Ottawa doit se montrer conciliant et accepter d'éventuels changements car la formule de la «taille unique» adoptée par le gouvernement fédéral ne fonctionnera tout simplement pas, ont prévenu la première ministre de la Colombie-Britannique, Christy Clark, et son homologue du Nouveau-Brunswick, David Alward.

«Si le gouvernement fédéral tient mordicus à aller de l'avant sans instaurer de dialogue, les provinces ont fait savoir qu'elles n'y participeraient pas», a souligné M. Alward lors d'une rencontre à Toronto avec des représentants du marché de l'emploi. «Cela ne fait aucun doute.»

En juin, au Conseil de la fédération, la première ministre du Québec, Pauline Marois, avait convaincu ses homologues de dénoncer la formule du «mur-à-mur» proposée par Ottawa. Les provinces s'étaient alors entendues pour demander au gouvernement fédéral un droit de retrait avec pleine compensation financière de son futur programme Subvention canadienne pour l'emploi.

Les 33 participants à la réunion de mercredi à Toronto ont tous déclaré que des modifications devraient être apportées au programme de formation de la main-d'oeuvre, et trois seulement ont indiqué être prêts à appuyer le programme, a de son côté mentionné Mme Clark. Les petites entreprises ont elles aussi fait part de leurs inquiétudes.

Les organisations qui sont sur le terrain à livrer la formation sont aussi celles qui sont le plus inquiètes quant aux conséquences de ce programme, a-t-elle soutenu.

«Je crois que cela illustre vraiment l'inquiétude qui règne face à l'option de la taille unique, et que cela ne fonctionnera tout simplement pas dans la réalité de tous les jours, où des formations sont données et où les travailleurs obtiennent ce dont ils ont besoin pour vraiment s'intégrer au marché», a poursuivi Mme Clark.

En vertu de ce programme, le gouvernement fédéral redistribuerait lui-même aux employeurs une partie de la somme jusqu'ici allouée aux provinces et territoires pour la formation de la main-d'oeuvre. Ottawa prévoit attribuer aux employeurs 15 000 $ par travailleur; les gouvernements des provinces et territoires, de même que les employeurs, injecteraient de leur côté 5000 $ chacun.

Or, les provinces craignent que l'instauration d'un tel programme ne les prive de la liberté d'allouer l'argent aux secteurs qui en ont le plus besoin, en plus de menacer les programmes provinciaux déjà existants. Elles estiment qu'elles devraient dégager plus de 600 millions $ pour maintenir leurs programmes en cours et être en mesure d'assumer les coûts entraînés par Subvention canadienne pour l'emploi.

Une porte-parole du ministre fédéral de l'Emploi et du Développement social, Jason Kenney, a indiqué qu'il rencontrerait les premiers ministres des provinces et territoires cet automne à cet égard.

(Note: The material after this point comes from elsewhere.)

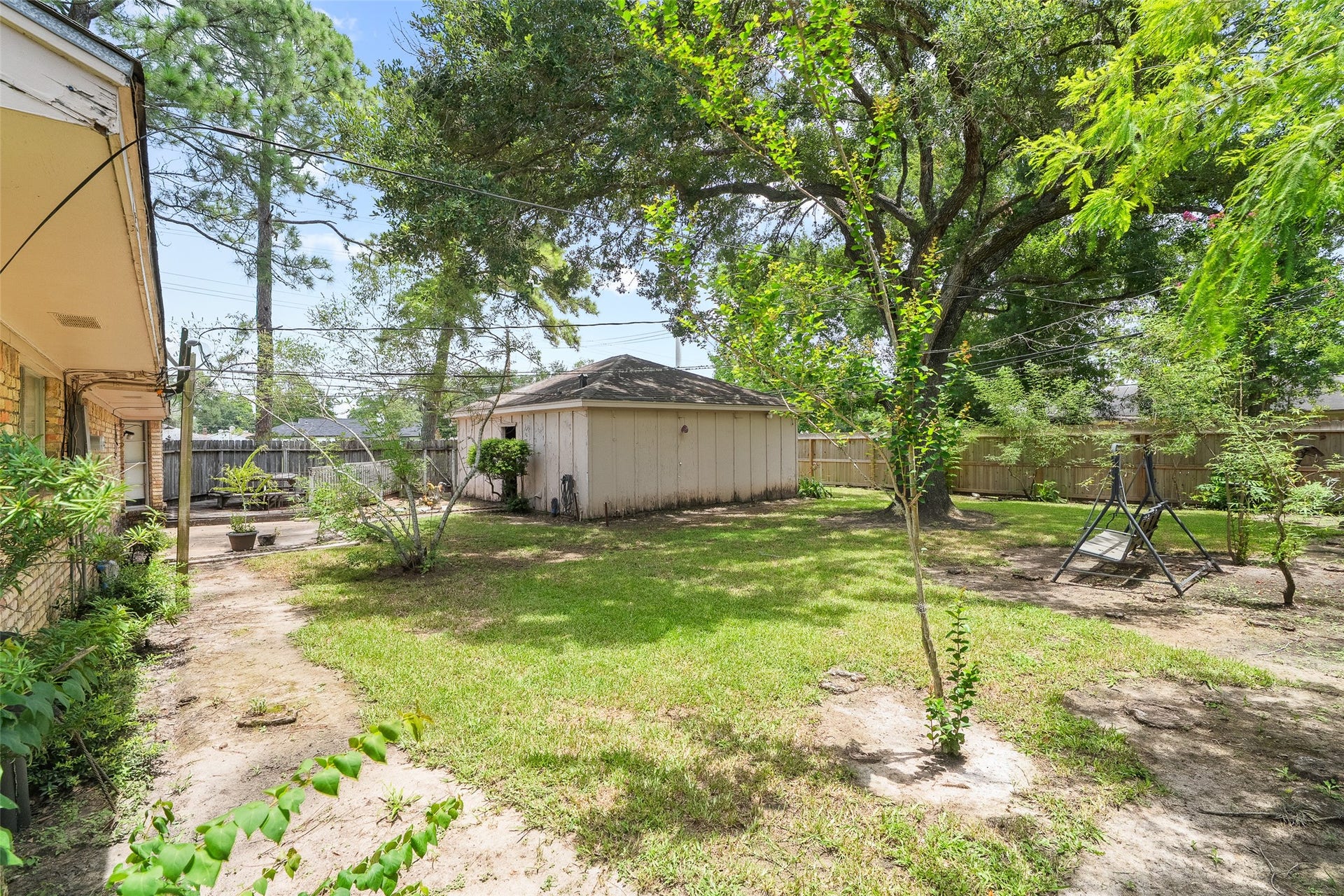 2001 Lamar Drive, Richmond, TX 77469 Another view of the backyard.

Dans un communiqué, M. Kenney soutient que le programme a été conçu pour répondre à une demande des employeurs, qui souhaitaient mieux se faire entendre dans les programmes de formations à l'emploi.

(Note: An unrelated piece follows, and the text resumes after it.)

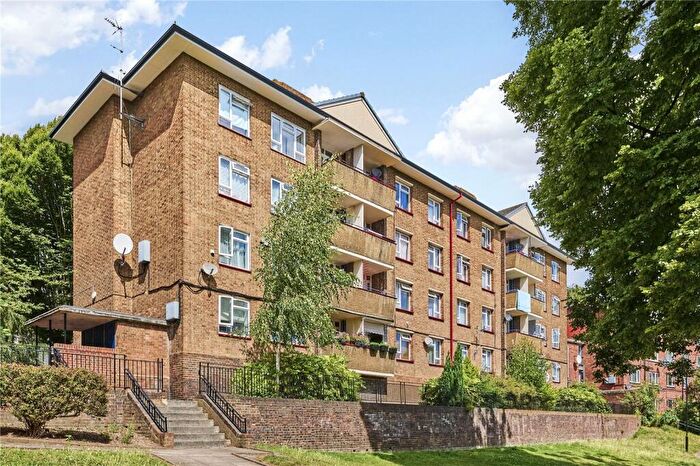 3 Bedroom Apartment To Rent In Shardeloes Road, New Cross, SE14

«Cela permettra d'asseoir à une même table les gouvernements fédéral, des provinces et des territoires, de même que les employeurs pour investir dans la formation axée sur les compétences, de sorte que les Canadiens sans emploi ou sous-utilisés pourront se qualifier pour les postes bien rémunérés et de haute qualité qui sont disponibles sur le marché.»

Bien que les conservateurs aient déjà dépensé des millions de dollars en publicités pour la promotion de Subvention canadienne pour l'emploi, le programme n'existe toujours pas et doit encore être négocié avec les principaux intervenants.

Mme Clark et M. Alward, qui avaient été mandatés par leurs homologues des provinces et territoires, lors de la dernière rencontre du Conseil de la fédération, pour examiner l'ébauche du programme, ont également indiqué qu'ils souhaitaient avoir l'avis des employeurs et des organismes sans but lucratif.